Il Montgomery Block (Monkey Block per i locali) è un dedalo antico ed esageratamente imponente di uffici e studi sul limitare della Chinatown di Grant Avenue e il quartiere italo-messicano-franco-basco di Columbus Avenue. Lo studio che cercavo era in fondo a un lungo passaggio, oltre l’angolo tutto-americano in cui la sede del quotidiano italiano Corriere del popolo è situata in diagonale rispetto all’ufficio di Tinn Hugh Yu, dottore in filosofia e notaio.

Quel giorno la situazione era relativamente tranquilla nello studio del dottor Verner. Peter Catenich stava ancora lavorando con impegno al suo blocco di marmo, seguendo apparentemente la teoria secondo cui, se la si martella abbastanza di frequente, la forma naturale insita nella pietra prima o poi finisce per emergere. Irma Borigian stava facendo esercizi vocali e di tanto in tanto passava a verificare i propri progressi premendo un tasto del pianoforte, cosa che sembrava rassicurare lei più di quanto tranquillizzasse me. Quei due, più un paio di ragazzetti che non avevo mai visto prima, occupatissimi a tirare di scherma, erano al momento gli unici componenti del Verner Varieties a portata di mano.

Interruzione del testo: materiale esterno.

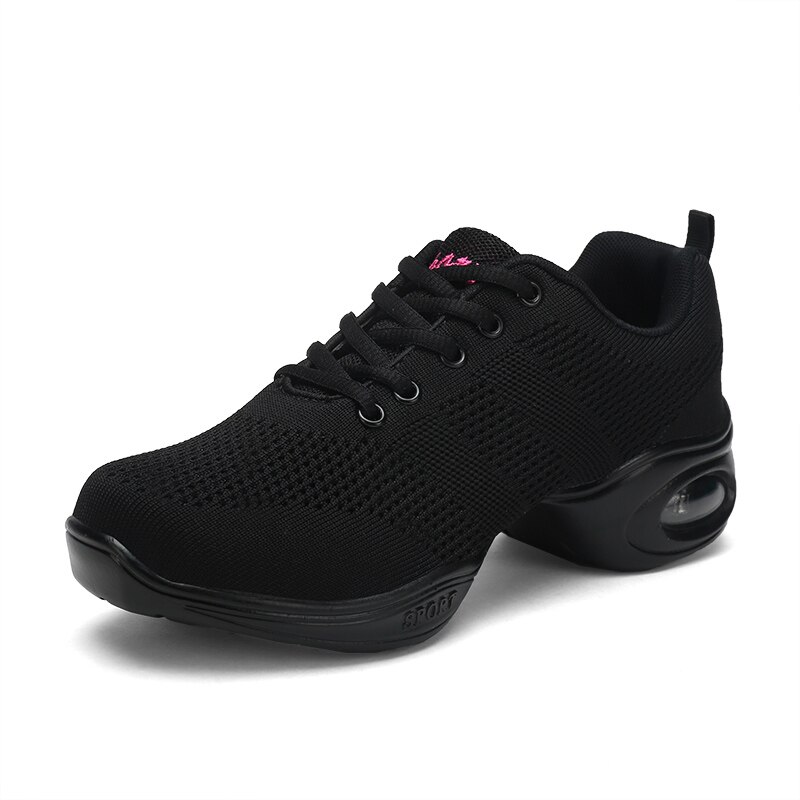 Zapatos de baile para mujer, zapatillas de baile de Jazz para mujer, deportivas modernas de malla entrelazada de para mujer: black / 6,5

Irma ah-oh-ohaaava, sbraitava e impazzava, gli schermidori schioccavano, Peter tempestava di martellate il blocco di marmo e in mezzo a quel terrificante frastuono il Vecchio, in piedi davanti alla sua scrivania-leggio alta un metro e cinquantatré, procedeva risoluto a buttare giù con la sua antiquata calligrafia roboanti periodi di L’anatomia della nonscienza, il mai concluso compendio di curiosità che era per metà Robert Burton e per metà Charles Fort.
Mi lanciò l’occhiata media. Non la frettolosa “solo questa frase” né l’ostile “caro ragazzo, questa pagina deve essere finita”; ma quella intermedia “solo un altro immortale paragrafo”. Afferrai una sedia e mi sforzai di guardare Irma che cantava e di ascoltare Peter che scolpiva.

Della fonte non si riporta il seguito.